Stored data

■ ■ ■ ■ ■

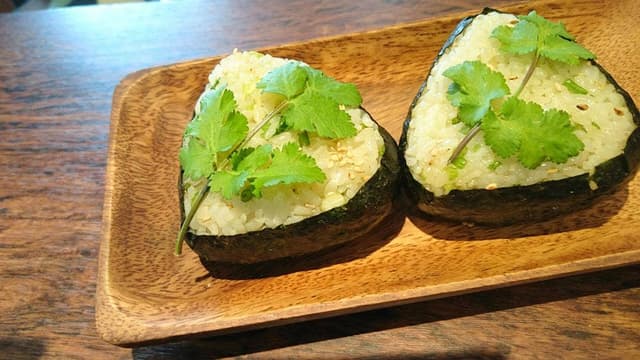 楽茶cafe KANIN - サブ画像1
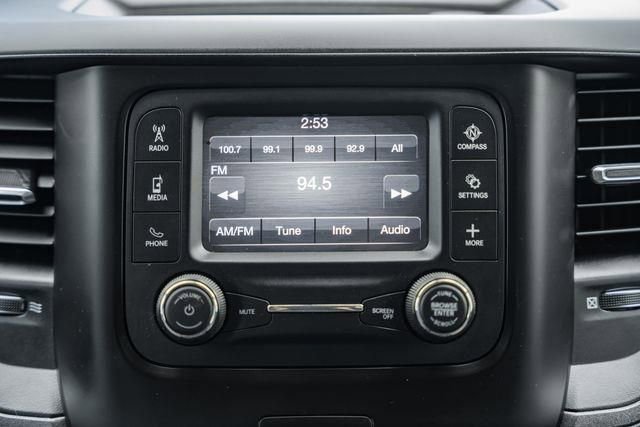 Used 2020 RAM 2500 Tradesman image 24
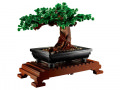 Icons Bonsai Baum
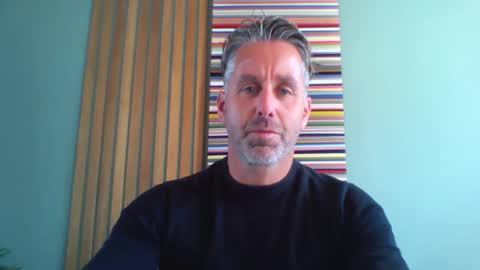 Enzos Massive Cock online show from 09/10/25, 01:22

■ ■ ■ ■ ■

Work task
Everything in the listing must be copied exactly except the pictures.

Problem solution
 楽茶cafe KANIN - サブ画像1
 Used 2020 RAM 2500 Tradesman image 24
 Icons Bonsai Baum
 Enzos Massive Cock online show from 09/10/25, 01:22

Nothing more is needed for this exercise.